- _Supplied records_
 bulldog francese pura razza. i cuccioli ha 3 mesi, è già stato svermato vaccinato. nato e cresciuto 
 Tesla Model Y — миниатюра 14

==

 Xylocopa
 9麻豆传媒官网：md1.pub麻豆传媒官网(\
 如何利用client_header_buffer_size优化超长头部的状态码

...

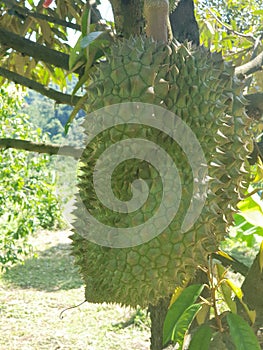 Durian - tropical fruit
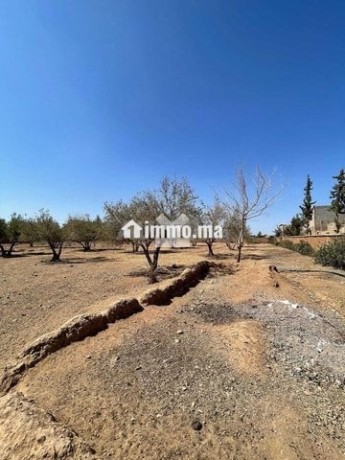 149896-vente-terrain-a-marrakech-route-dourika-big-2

- _What is expected_
Repeat exactly the lines above from the one with "bulldog francese pura" up to and including the one with "Tesla Model Y — миниатюра 14". No other line belongs in the reply.

- _Answer to the exercise_
 bulldog francese pura razza. i cuccioli ha 3 mesi, è già stato svermato vaccinato. nato e cresciuto 
 Tesla Model Y — миниатюра 14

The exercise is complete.